Description of the task: From the first line of the listing to the last, set down everything exactly, but skip the images.

Supplied information:
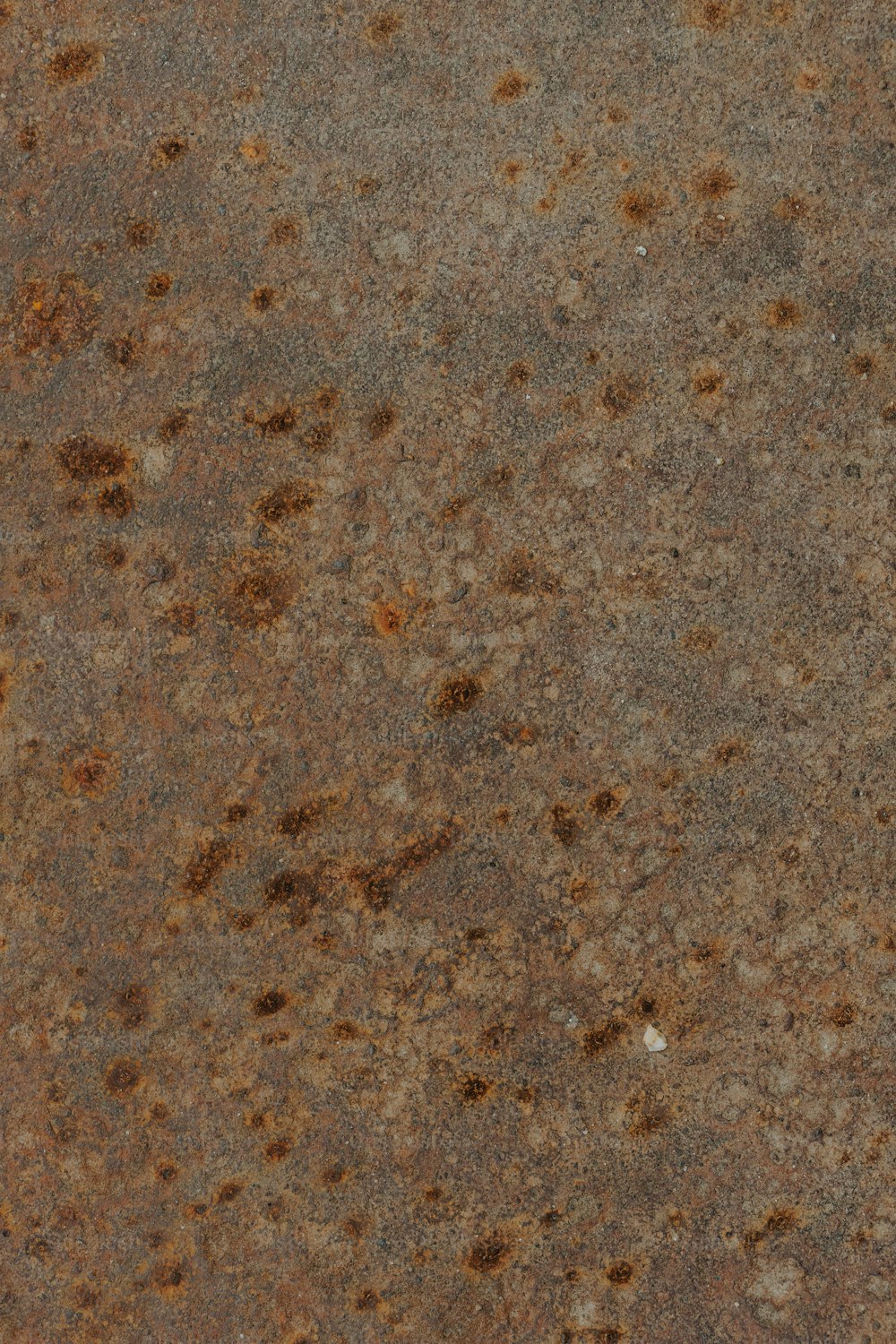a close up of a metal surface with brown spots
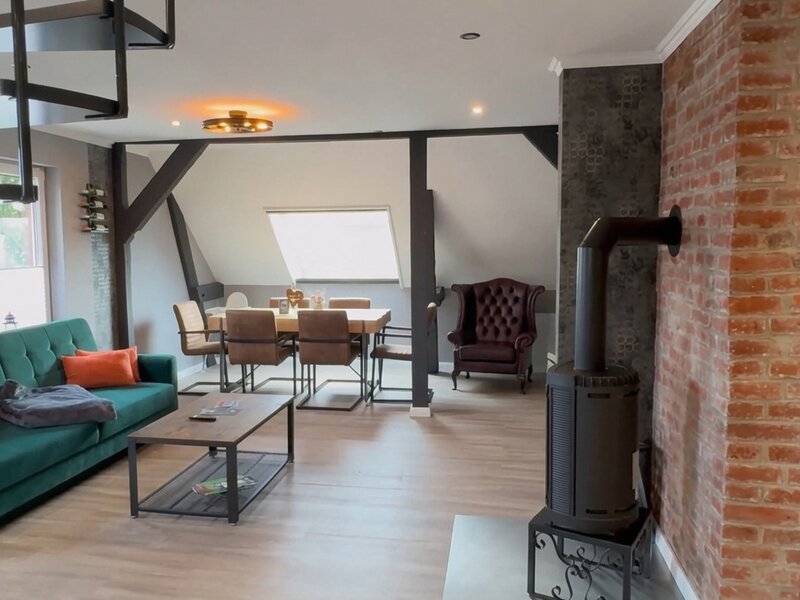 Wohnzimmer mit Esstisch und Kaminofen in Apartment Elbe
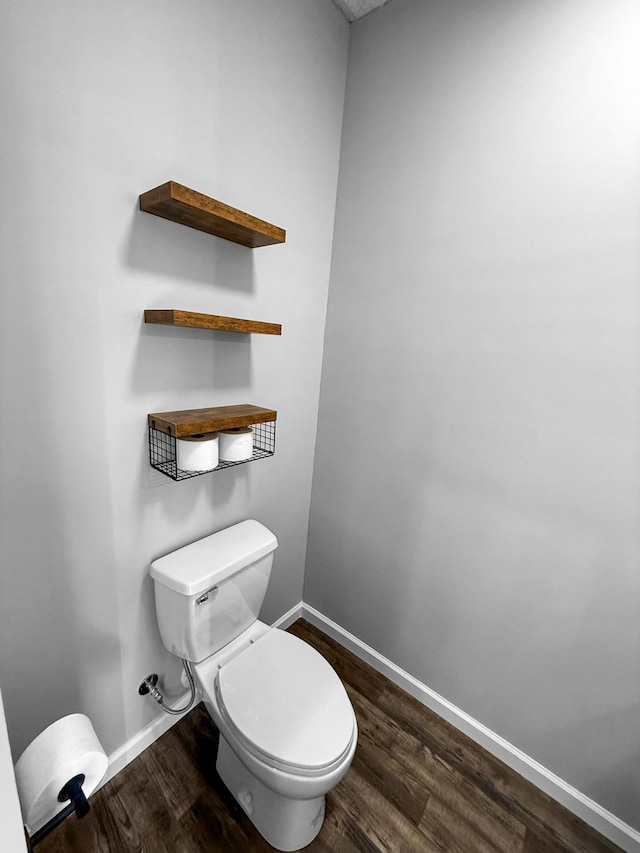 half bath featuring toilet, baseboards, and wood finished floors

Written answer:
a close up of a metal surface with brown spots
 Wohnzimmer mit Esstisch und Kaminofen in Apartment Elbe
 half bath featuring toilet, baseboards, and wood finished floors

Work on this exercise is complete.